Harklights by Tim Tilley.
Usborne Publishing 2021.
A match factory which masquerades as an orphanage. A manikin which it emerges was once alive. A monster which in reality mayn’t be alive. Butterflies which aren’t insects. A boy who doubts he has what it takes to put things right. It’s all here in Harklights, a debut novel from the first ever winner of the Joan Aiken Future Classics Prize, set in a vaguely Victorian world with elements of fantasy and steampunk.

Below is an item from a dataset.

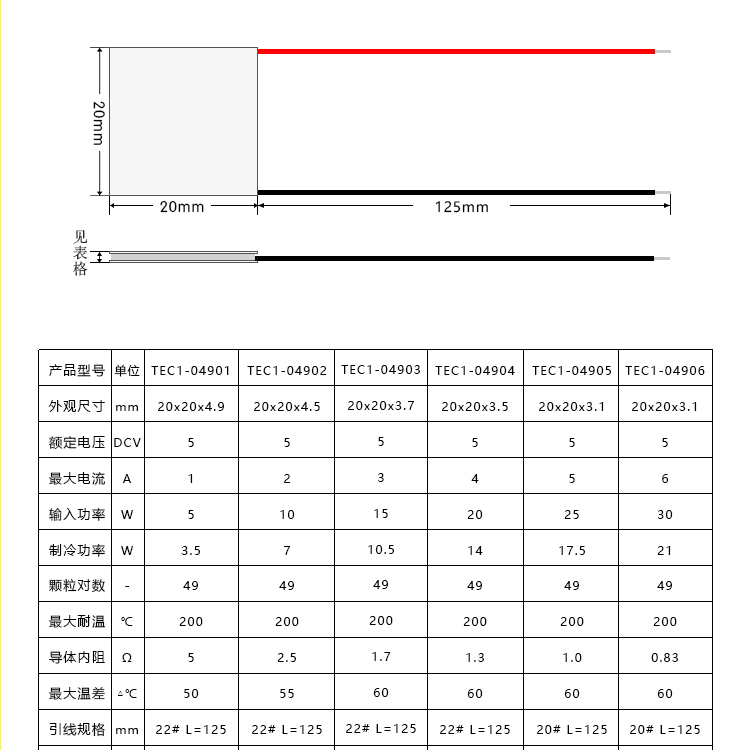 TEC1-04904K10：半导体直流降温散热的秘密武器，你了解多少？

I’m not usually a fan of long narratives told in the present tense but here I think it works well: Wick’s first person tale gives both a sense of urgency and also uncertainty, just as youngsters’ accounts often are, and while the reader may guess at some of the things Wick puzzles over nothing is truly known until all is revealed.
While our focus is on the narrator’s hopes and fears, behind them all is a tale of despoilation, exploitation and cruelty fully relevant in our contemporary world which will resonate even with the most innocent young reader.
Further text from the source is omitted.